Clip visualization: For fixed $\hat{A} > 0$, plot $L^\text{CLIP}$ vs $r(\theta)$. Identify the flat region where gradient = 0.
Epsilon ablation: Train PPO with $\epsilon \in \{0.05, 0.1, 0.2, 0.3, 0.5\}$. What breaks at extremes?
RLHF simulation: Implement a toy RLHF loop: use PPO to fine-tune a small character-level LM where the "reward model" is just string length. Observe mode collapse vs KL penalty.
Compare REINFORCE vs A2C vs PPO: Run all three on CartPole with same number of environment steps. Plot learning curves.

Key Takeaways

PPO clips the probability ratio to prevent destructive policy updates
Same data, multiple epochs — PPO reuses collected trajectories (K epochs)
PPO = the algorithm behind RLHF — Day 33's missing implementation detail
Reward engineering is the bottleneck for robot RL → motivates imitation learning
GAE + PPO + clipping = the standard recipe for modern RL

Connection to the Thread

PPO completes the RL toolkit.

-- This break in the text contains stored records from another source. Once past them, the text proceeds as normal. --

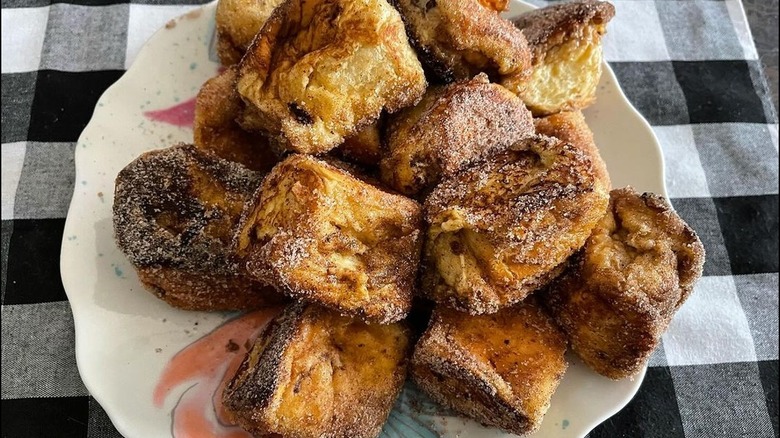 plate piled with Hawaiian roll French toast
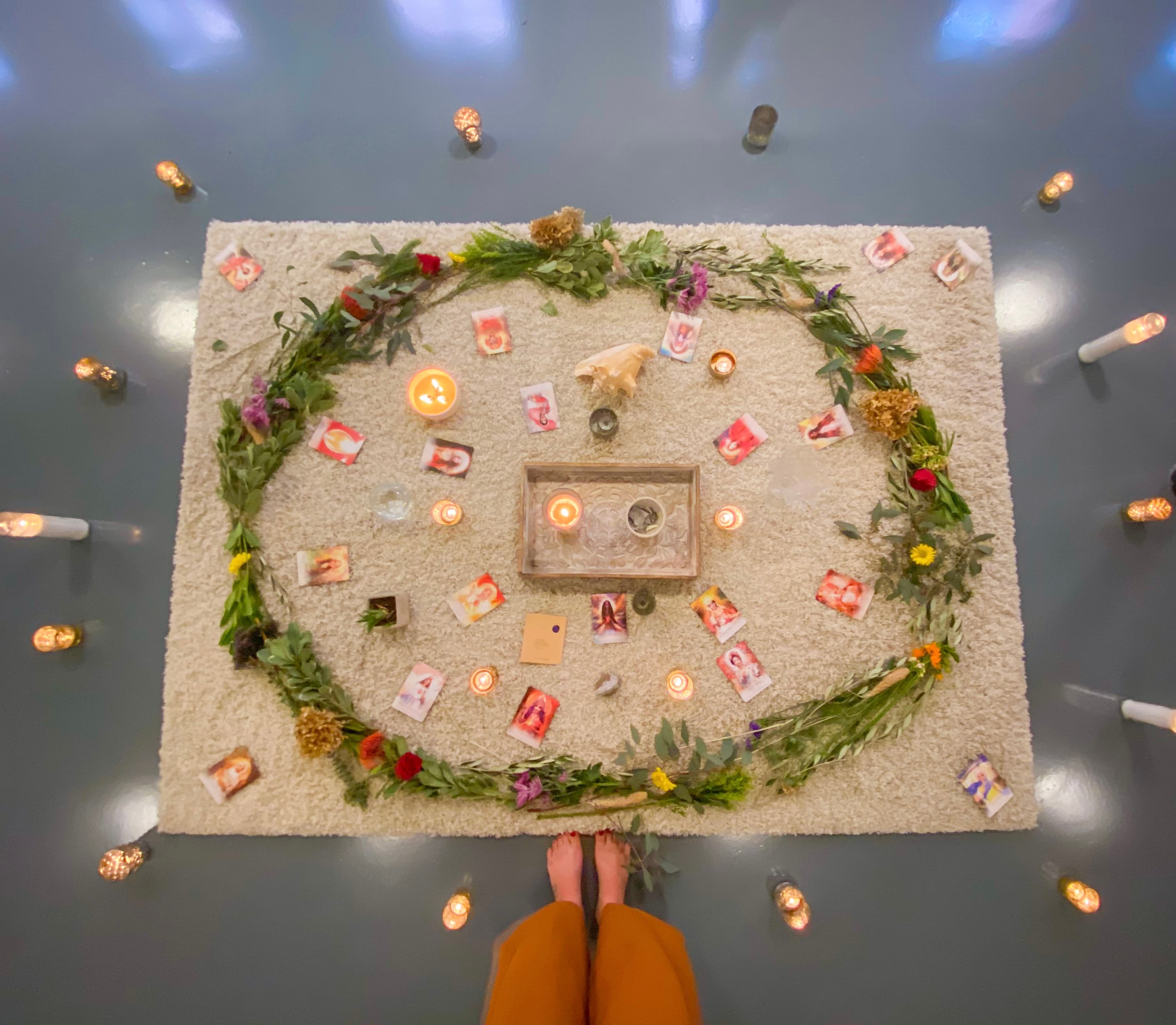 A ritual altar arranged with candles and flowers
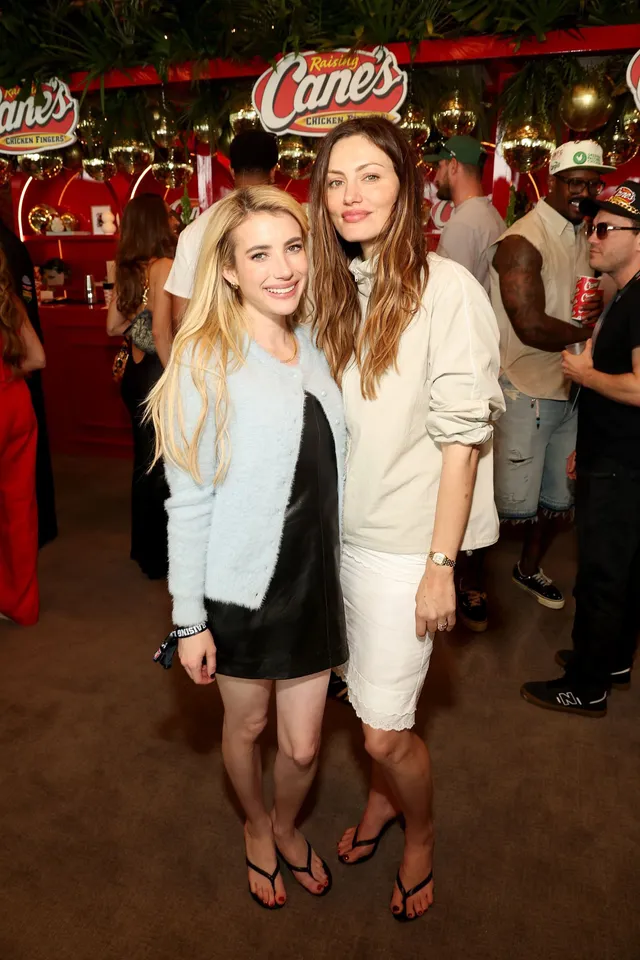 Phoebe Tonkin standing with a companion in a pale outfit and flip-flops.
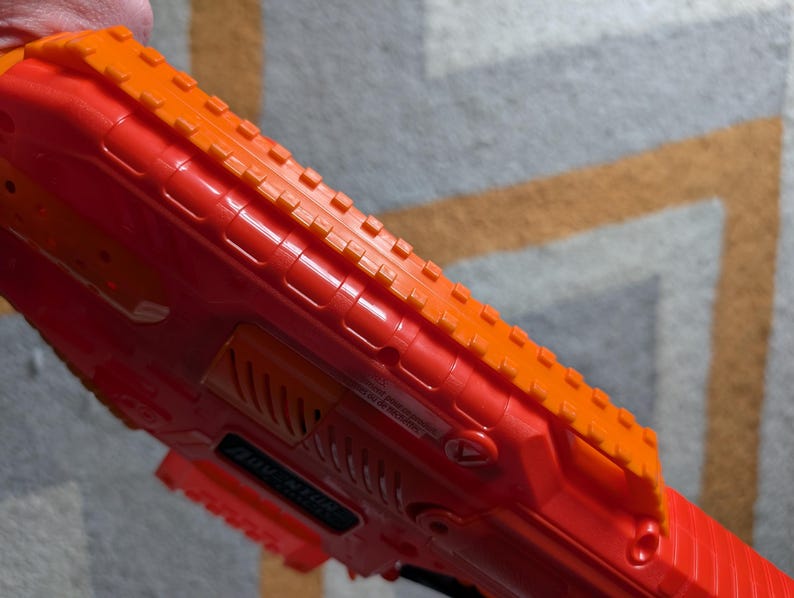 May include: Close-up of a red and orange toy gun. The toy gun has a textured orange top rail and a red body. The gun has a series of ridges and grooves along its surface. The toy gun is held by a person.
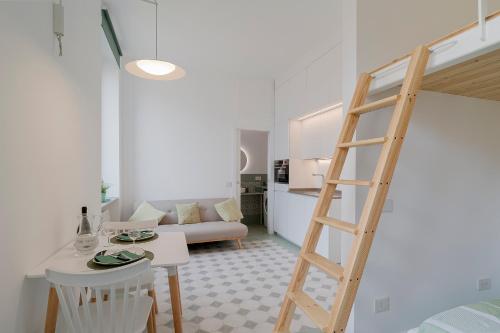 a living room with a ladder and a living room at Oliva Apartment in Imperia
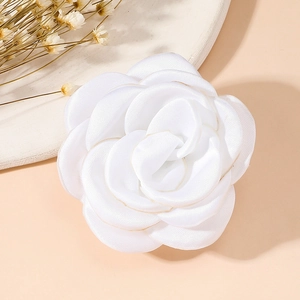 Detailed close-up of a white vintage silk flower brooch with elegant layered petals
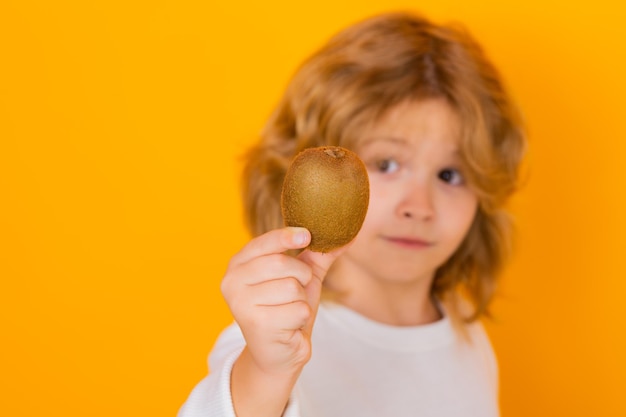 Zdrowe owoce dla dzieci Dziecko trzyma kiwi w studio Owoc kiwi Portret studyjny uroczego chłopca z kiwi odizolowanym na żółto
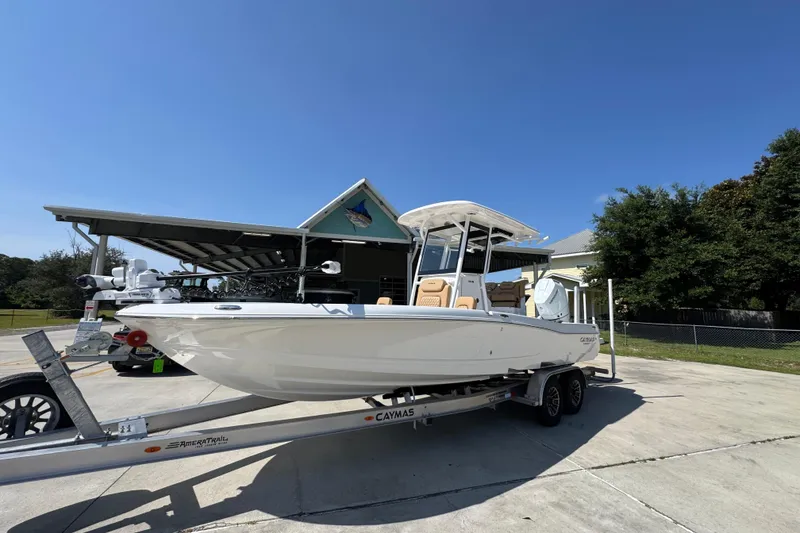 Slide: The Image of 2027 Caymas 26 HB boat on trailer, parked outdoors under clear blue sky. - 3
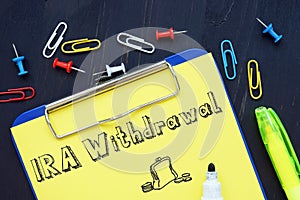 Business concept about IRA Withdrawal with sign on the sheet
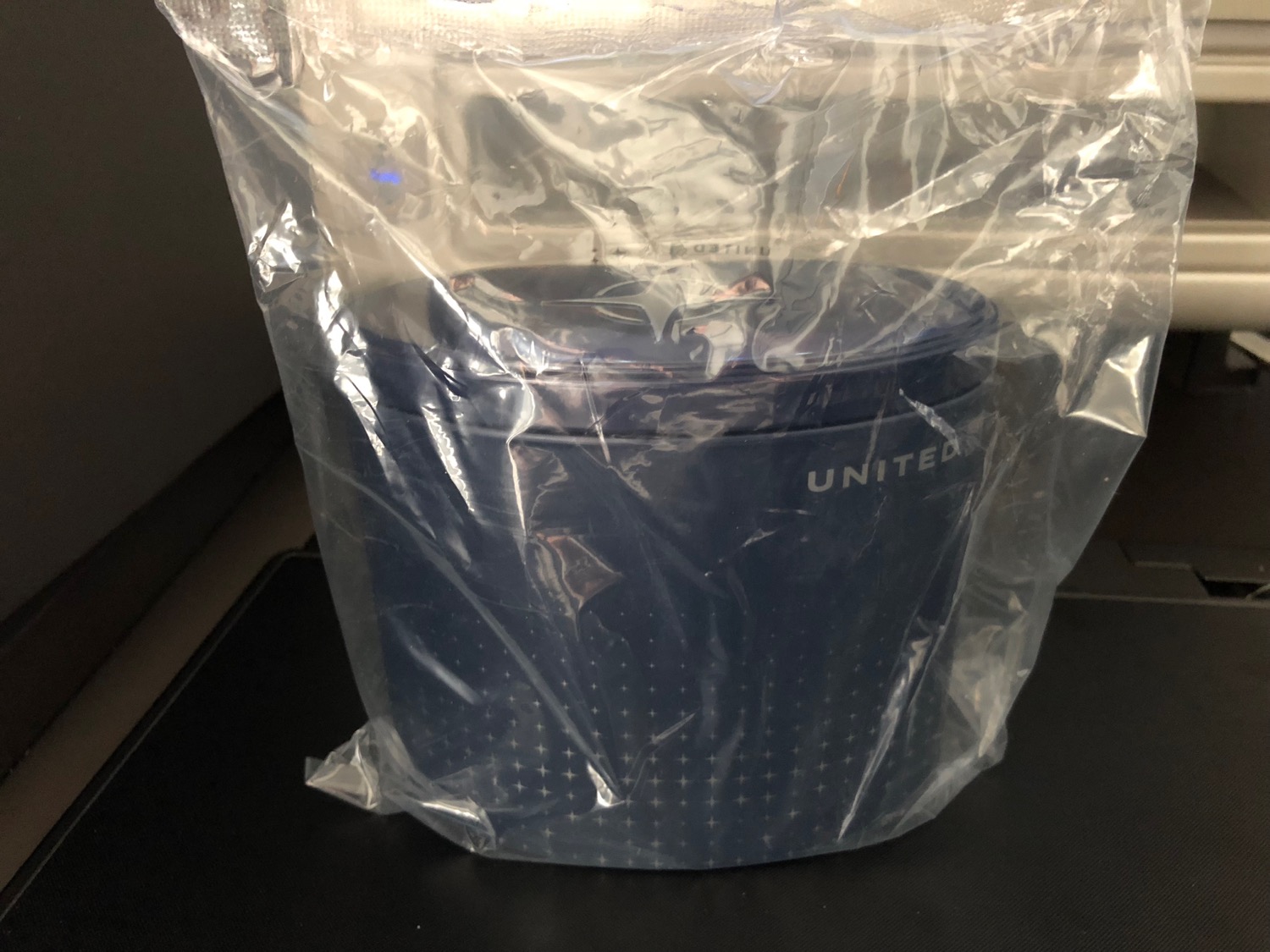 a plastic bag with a blue container inside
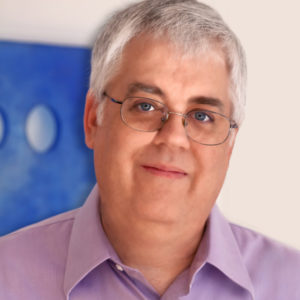 A closeup of JG Harrington from the shoulders up. Her is wearing a purrple collared shirt, glass, and has short grey hair. There is a blue square art piece behind him.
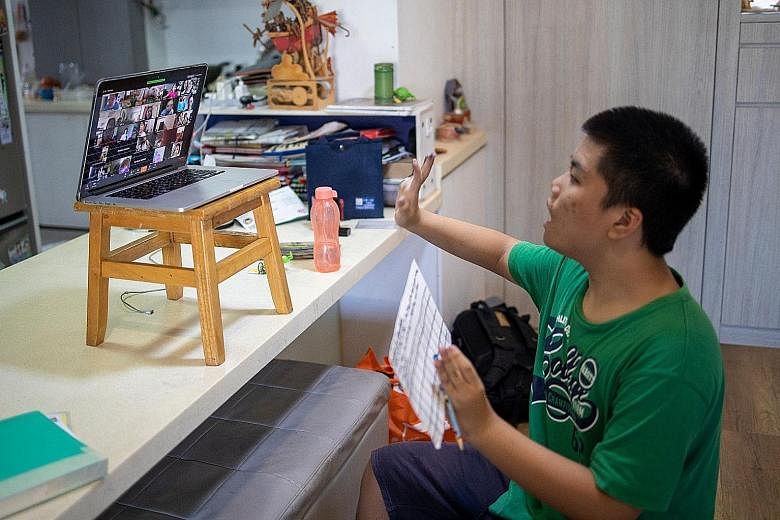 Left: Lee Jun Le, 13, taking part in Superhero Me's dance video conferencing session with other children, both with and without special needs.Below: Pathlight School pupil Maximilian So, 11, following moves shown in a video during a physical educatio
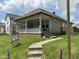 Charming home with a covered front porch, stone accents, and a well-maintained lawn at 1902 Westview Dr, Indianapolis, IN 46221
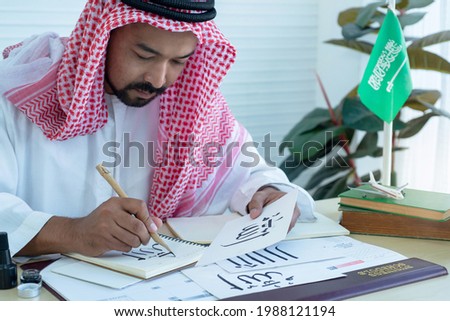 Arab men practicing writing Arabic with bamboo pen, Arabic letter mean the name of Muslim god "Allah", handwriting Khat  Royalty-Free Stock Photo #1988121194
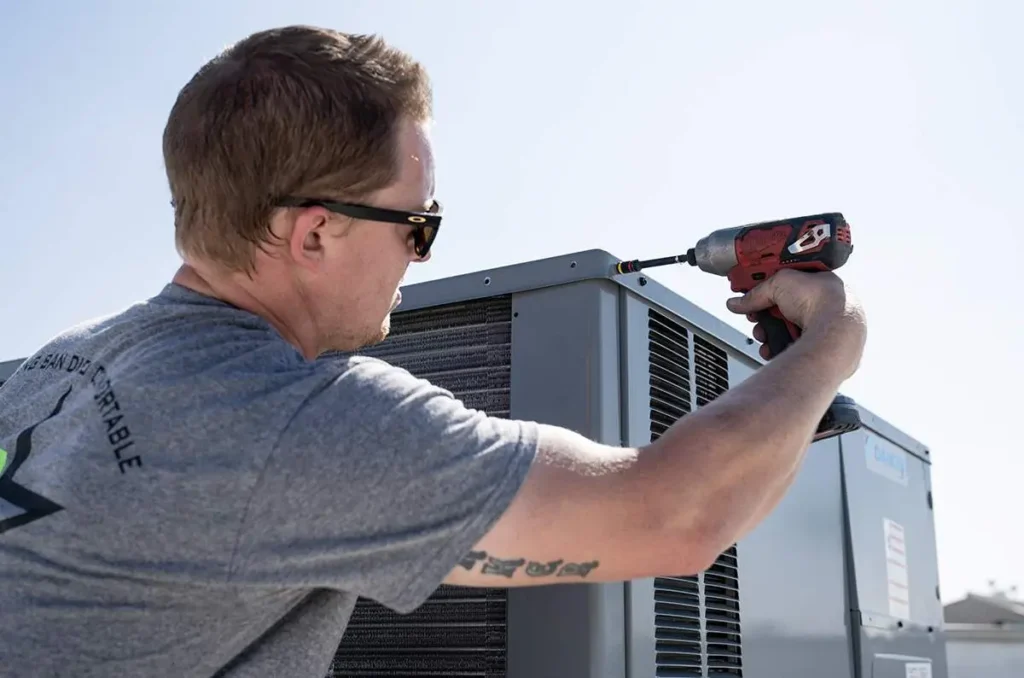 Service technician using power tool drill to unscrew HVAC unit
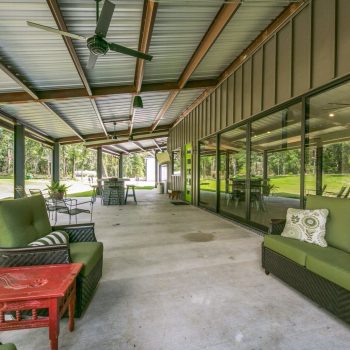 Covered patio with green cushioned seating, ceiling fans, red table, and glass wall overlooking yard and playground.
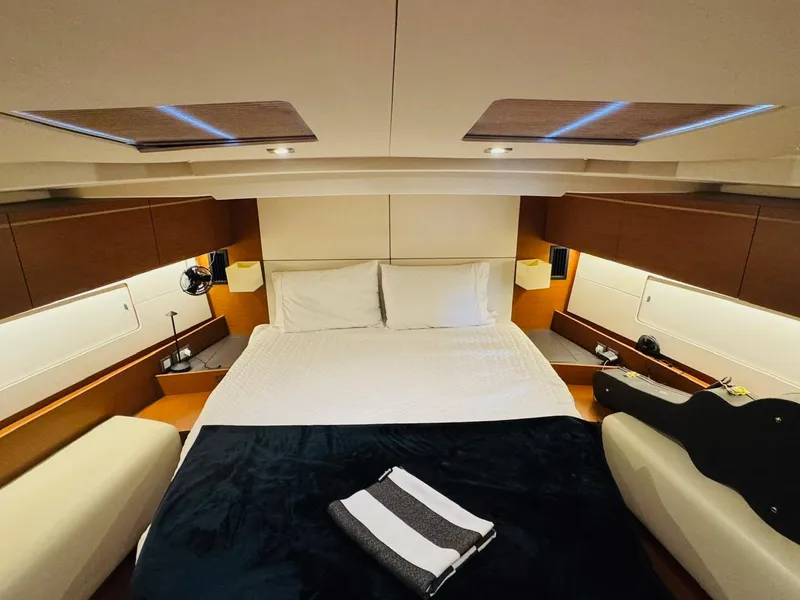 Slide: The Image of Luxurious cabin interior of 2020 Beneteau Oceanis 51.1 yacht with cozy bedding. - 8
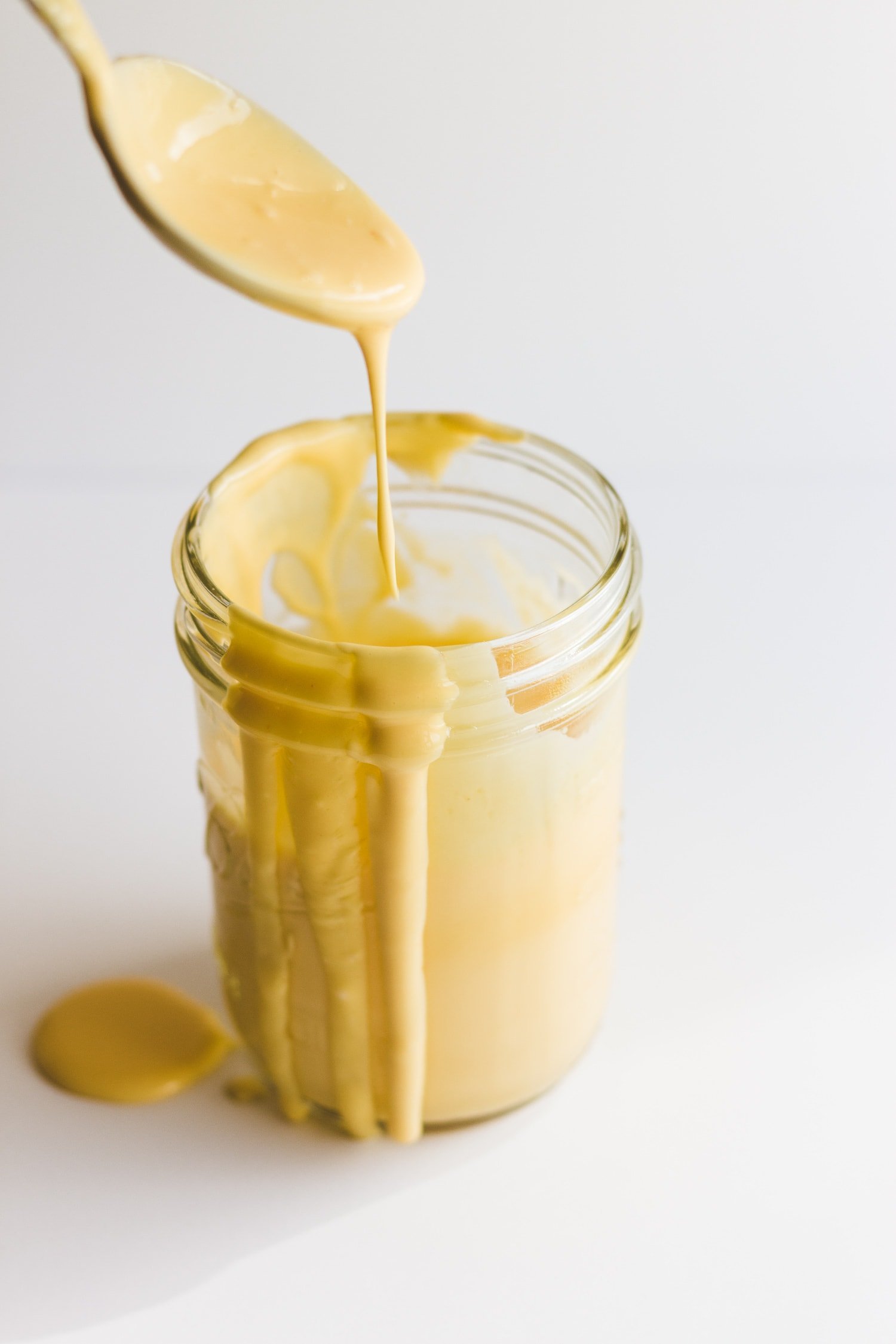 Hollandaise sauce dripping off of a spoon into a mason jar filled with sauce.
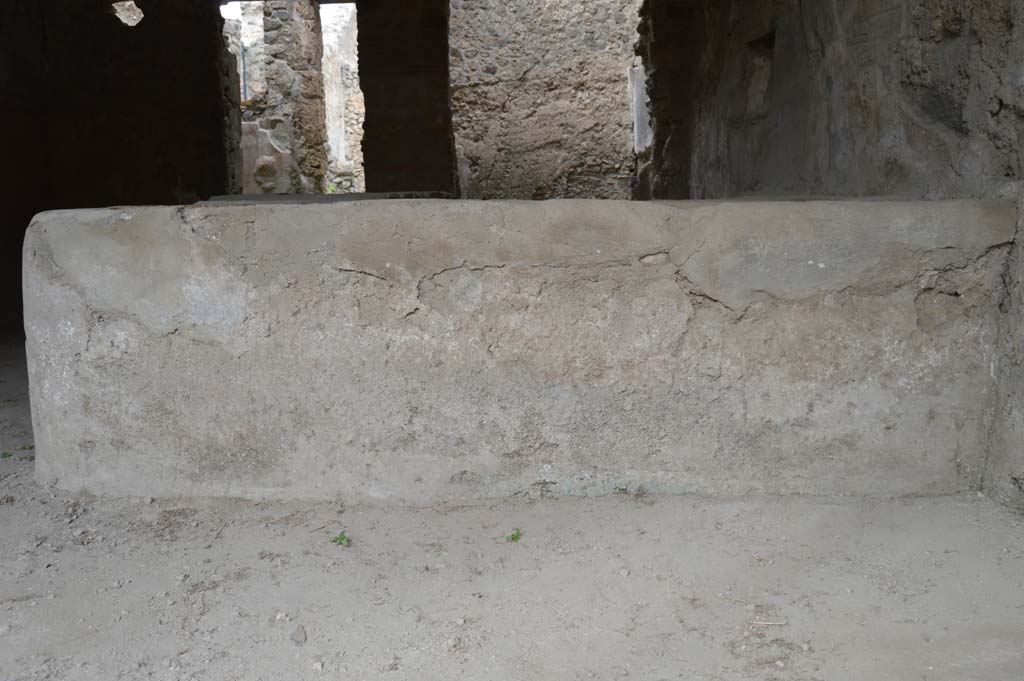 I.8.15 Pompeii. October 2017. Looking north to detail of front façade of podium in shop-room.
Foto Taylor Lauritsen, ERC Grant 681269 DÉCOR.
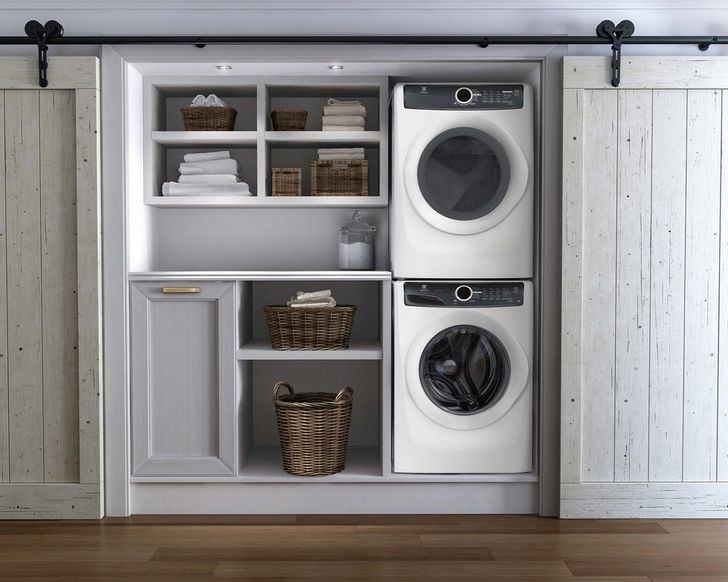 Hallway laundry room with stacked inset white washer and dryer, open upper shelving, a folding counter, lower grey cabinets, and barn-door style sliders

But robot RL's Achilles heel is reward design: how do you specify "pick up the mug carefully" as a scalar reward? The answer is you don't — you show demonstrations instead. Before we get to imitation learning (Week 12), we need one more tool: diffusion models. Starting tomorrow, we learn to generate by denoising — a framework that will transform how robots produce actions.